Stored data:
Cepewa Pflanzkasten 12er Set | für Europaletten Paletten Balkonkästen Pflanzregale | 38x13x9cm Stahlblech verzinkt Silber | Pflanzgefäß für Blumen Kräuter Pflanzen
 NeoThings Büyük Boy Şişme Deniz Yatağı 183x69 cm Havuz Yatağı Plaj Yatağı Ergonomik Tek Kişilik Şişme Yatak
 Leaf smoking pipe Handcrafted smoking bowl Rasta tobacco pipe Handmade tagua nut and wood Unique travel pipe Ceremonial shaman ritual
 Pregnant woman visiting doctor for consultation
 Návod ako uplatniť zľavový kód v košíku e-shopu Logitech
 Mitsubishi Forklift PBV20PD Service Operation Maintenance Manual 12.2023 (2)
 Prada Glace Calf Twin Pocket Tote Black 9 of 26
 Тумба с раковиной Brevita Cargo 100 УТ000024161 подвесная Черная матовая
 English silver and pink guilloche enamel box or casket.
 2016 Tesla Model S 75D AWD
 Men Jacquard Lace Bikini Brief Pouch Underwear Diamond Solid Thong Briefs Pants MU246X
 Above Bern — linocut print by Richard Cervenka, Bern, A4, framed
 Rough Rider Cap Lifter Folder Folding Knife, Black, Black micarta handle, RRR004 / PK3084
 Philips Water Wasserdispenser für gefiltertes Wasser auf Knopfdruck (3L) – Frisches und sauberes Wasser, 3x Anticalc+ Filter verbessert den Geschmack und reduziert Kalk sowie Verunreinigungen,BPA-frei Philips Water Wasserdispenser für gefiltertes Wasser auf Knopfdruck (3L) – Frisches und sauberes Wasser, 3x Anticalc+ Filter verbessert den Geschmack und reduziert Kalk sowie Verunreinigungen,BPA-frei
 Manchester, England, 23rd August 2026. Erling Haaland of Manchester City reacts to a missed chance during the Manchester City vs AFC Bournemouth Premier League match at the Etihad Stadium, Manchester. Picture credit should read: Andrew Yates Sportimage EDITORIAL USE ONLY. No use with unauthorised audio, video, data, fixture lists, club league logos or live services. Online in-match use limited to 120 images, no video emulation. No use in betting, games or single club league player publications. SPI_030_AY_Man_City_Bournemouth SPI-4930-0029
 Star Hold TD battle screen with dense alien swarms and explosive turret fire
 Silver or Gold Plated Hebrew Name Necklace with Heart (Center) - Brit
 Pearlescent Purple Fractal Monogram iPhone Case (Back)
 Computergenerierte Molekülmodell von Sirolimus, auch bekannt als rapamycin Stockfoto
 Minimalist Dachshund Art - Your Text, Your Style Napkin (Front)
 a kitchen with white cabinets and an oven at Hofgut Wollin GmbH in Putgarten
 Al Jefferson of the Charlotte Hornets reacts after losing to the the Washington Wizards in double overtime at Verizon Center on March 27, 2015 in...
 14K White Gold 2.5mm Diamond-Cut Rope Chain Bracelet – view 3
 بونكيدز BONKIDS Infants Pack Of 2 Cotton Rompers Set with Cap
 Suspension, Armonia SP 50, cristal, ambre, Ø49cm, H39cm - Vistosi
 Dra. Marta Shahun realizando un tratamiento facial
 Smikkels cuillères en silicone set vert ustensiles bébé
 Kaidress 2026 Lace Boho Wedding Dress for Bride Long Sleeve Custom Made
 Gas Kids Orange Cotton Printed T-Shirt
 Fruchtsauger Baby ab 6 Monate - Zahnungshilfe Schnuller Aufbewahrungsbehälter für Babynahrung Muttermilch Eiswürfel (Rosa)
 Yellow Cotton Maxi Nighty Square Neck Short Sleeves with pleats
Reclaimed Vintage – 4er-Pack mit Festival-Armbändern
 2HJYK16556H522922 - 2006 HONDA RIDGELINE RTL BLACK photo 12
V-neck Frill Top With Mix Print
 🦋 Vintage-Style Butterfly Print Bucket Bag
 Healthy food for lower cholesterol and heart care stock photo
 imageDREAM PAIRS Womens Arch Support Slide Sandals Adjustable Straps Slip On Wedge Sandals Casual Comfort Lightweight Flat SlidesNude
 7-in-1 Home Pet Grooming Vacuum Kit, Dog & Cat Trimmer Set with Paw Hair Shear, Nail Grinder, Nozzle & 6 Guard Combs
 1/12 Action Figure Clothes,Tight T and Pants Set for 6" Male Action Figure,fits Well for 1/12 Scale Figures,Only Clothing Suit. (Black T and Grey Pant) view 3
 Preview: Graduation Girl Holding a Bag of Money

Task item:
Wherever a line of the entries holds the string "Vintage", copy that line.

Response to this task:
Reclaimed Vintage – 4er-Pack mit Festival-Armbändern
 🦋 Vintage-Style Butterfly Print Bucket Bag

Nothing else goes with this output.